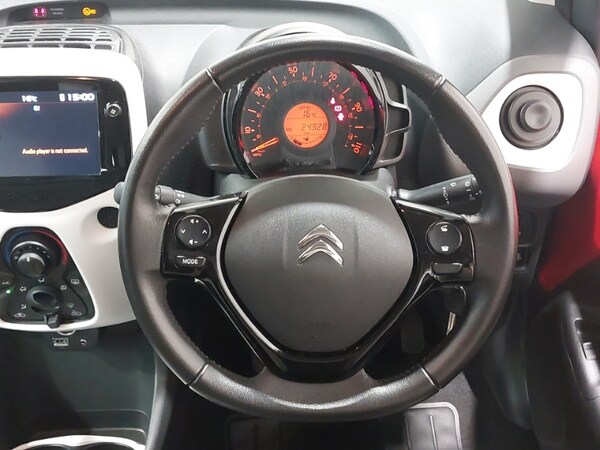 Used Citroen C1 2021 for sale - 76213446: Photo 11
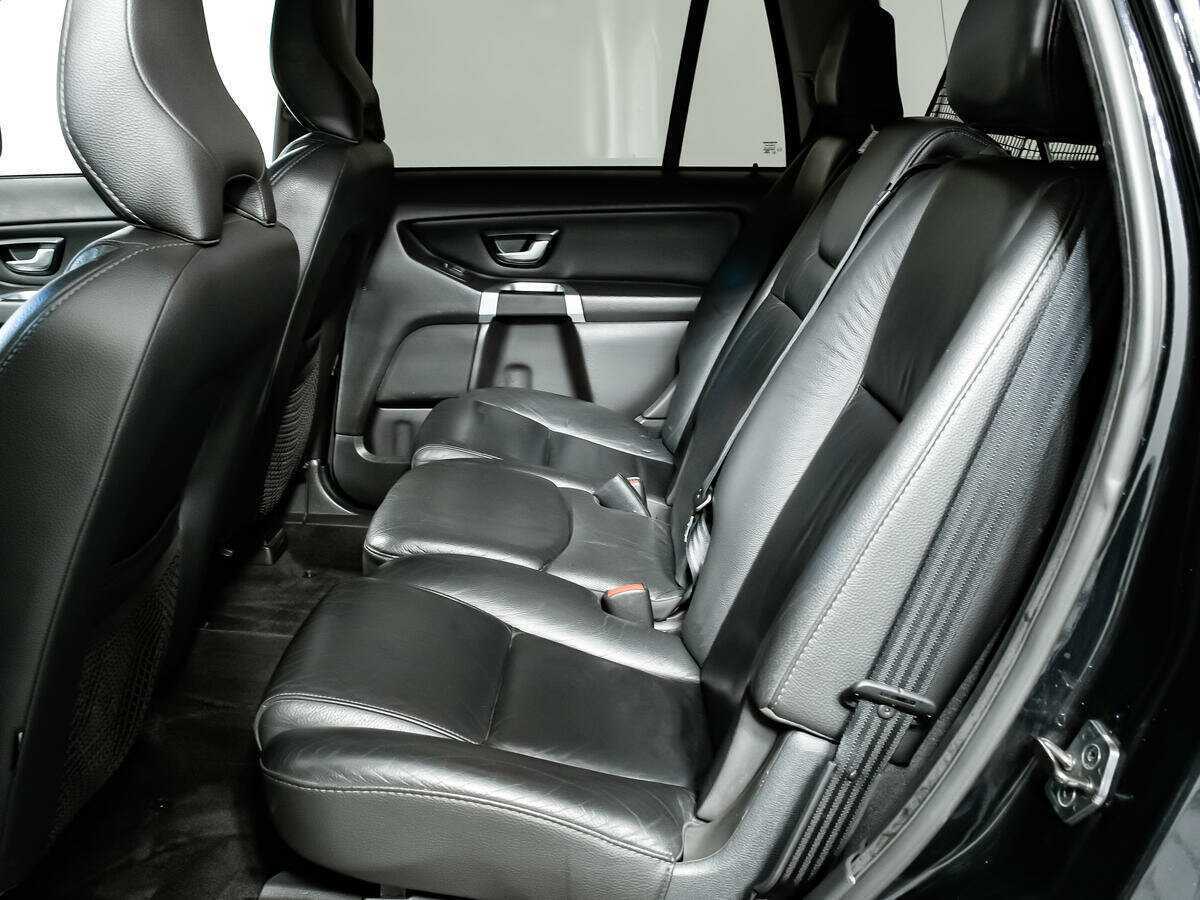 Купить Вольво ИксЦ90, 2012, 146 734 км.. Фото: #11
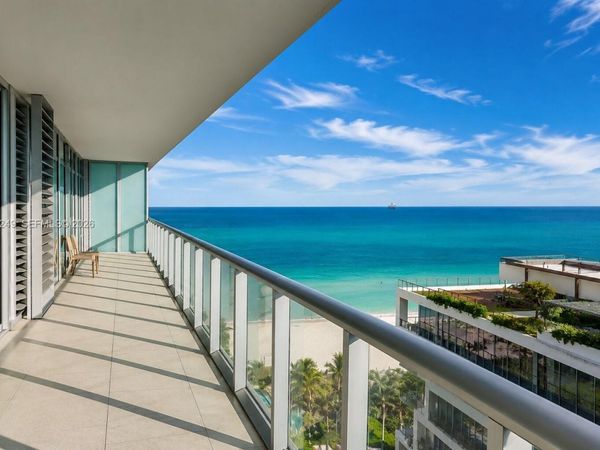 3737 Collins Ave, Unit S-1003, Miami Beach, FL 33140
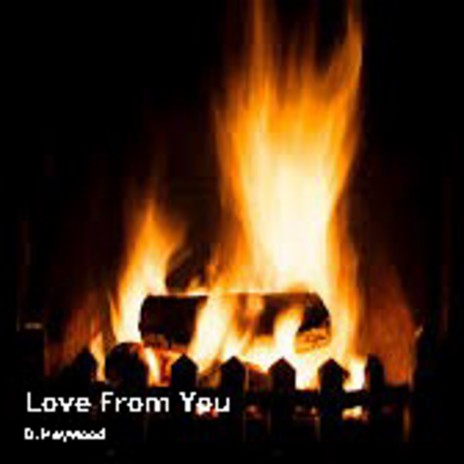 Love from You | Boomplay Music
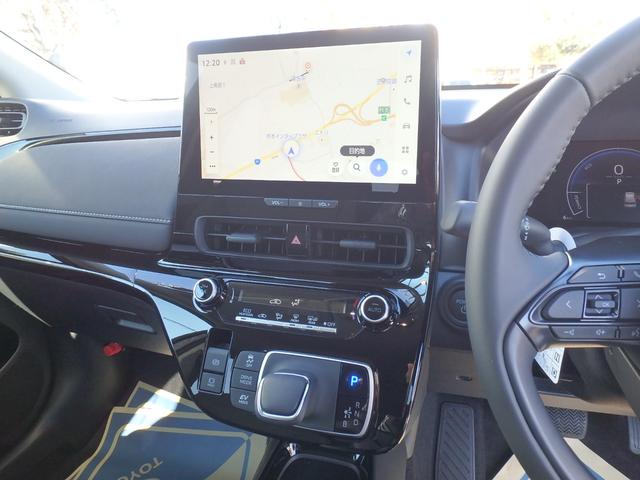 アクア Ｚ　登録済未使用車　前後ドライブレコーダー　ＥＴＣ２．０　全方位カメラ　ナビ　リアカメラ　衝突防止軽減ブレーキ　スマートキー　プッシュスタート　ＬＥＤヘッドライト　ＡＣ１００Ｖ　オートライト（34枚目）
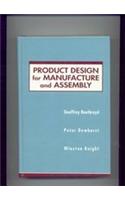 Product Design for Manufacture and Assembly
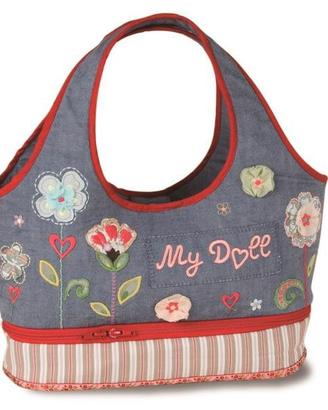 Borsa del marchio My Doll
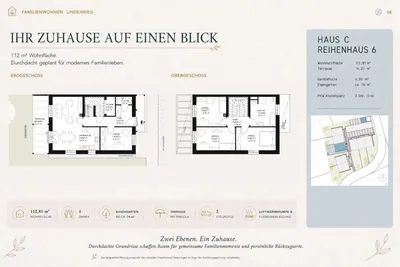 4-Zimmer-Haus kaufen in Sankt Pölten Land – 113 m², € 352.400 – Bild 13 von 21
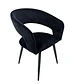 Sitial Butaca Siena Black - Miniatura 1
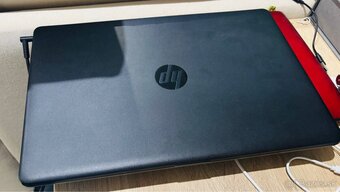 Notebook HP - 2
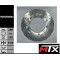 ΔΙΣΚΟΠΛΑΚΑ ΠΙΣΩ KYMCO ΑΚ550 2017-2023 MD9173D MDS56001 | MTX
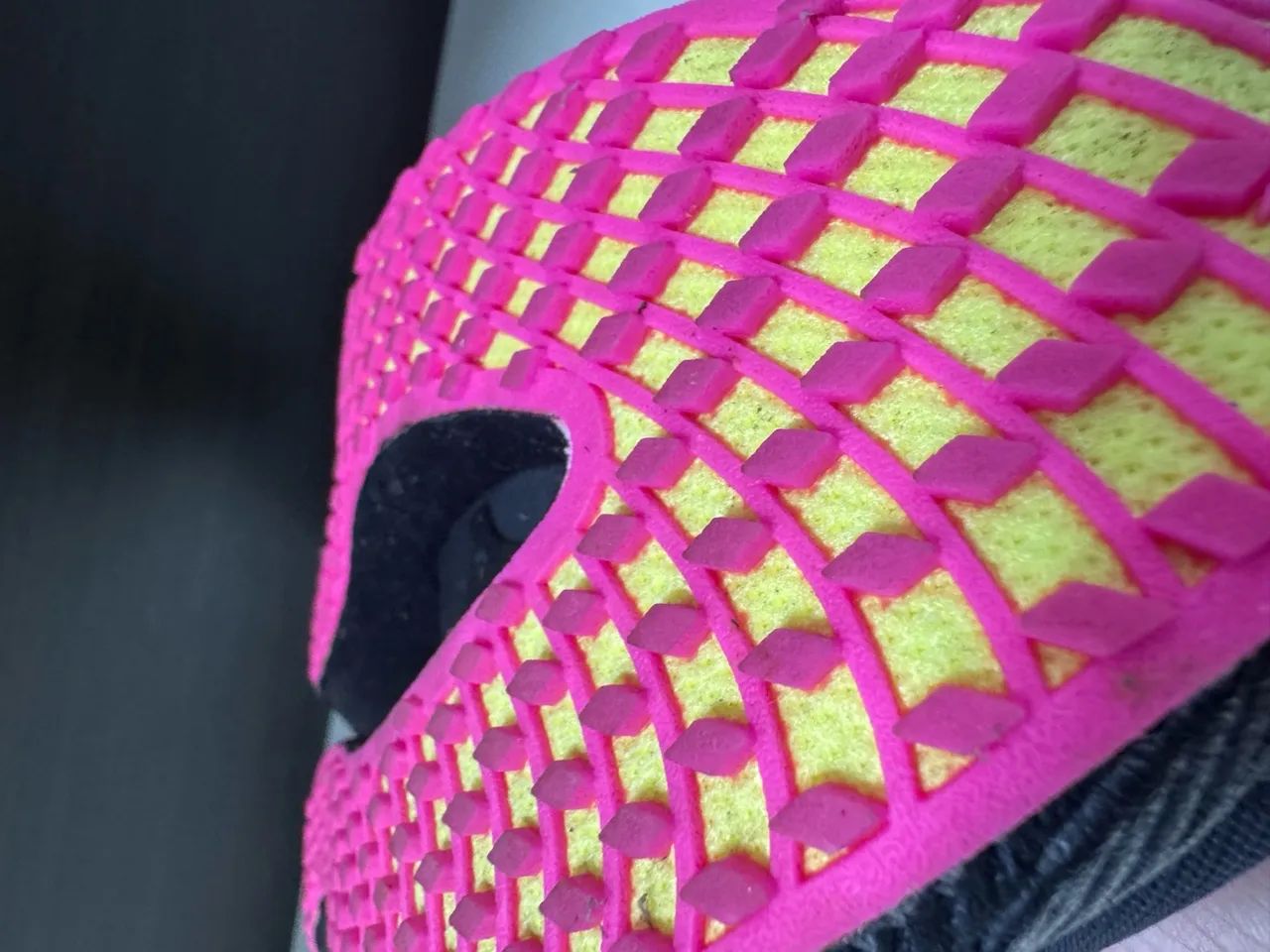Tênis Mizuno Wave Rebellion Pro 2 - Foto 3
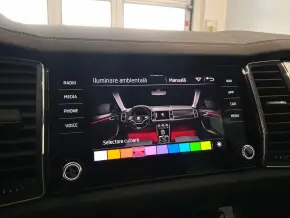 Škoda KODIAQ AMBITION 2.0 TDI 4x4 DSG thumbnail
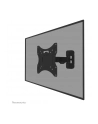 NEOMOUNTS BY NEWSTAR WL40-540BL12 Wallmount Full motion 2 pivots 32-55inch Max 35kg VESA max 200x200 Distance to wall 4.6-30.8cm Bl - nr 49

Your goal: Word for word, restate the lines from the line with "4-Zimmer-Haus kaufen in" through the last line of the entries, and nothing beyond them. Omit pictures.

Result:
 4-Zimmer-Haus kaufen in Sankt Pölten Land – 113 m², € 352.400 – Bild 13 von 21
 Sitial Butaca Siena Black - Miniatura 1
 Notebook HP - 2
 ΔΙΣΚΟΠΛΑΚΑ ΠΙΣΩ KYMCO ΑΚ550 2017-2023 MD9173D MDS56001 | MTX
Tênis Mizuno Wave Rebellion Pro 2 - Foto 3
 Škoda KODIAQ AMBITION 2.0 TDI 4x4 DSG thumbnail
 NEOMOUNTS BY NEWSTAR WL40-540BL12 Wallmount Full motion 2 pivots 32-55inch Max 35kg VESA max 200x200 Distance to wall 4.6-30.8cm Bl - nr 49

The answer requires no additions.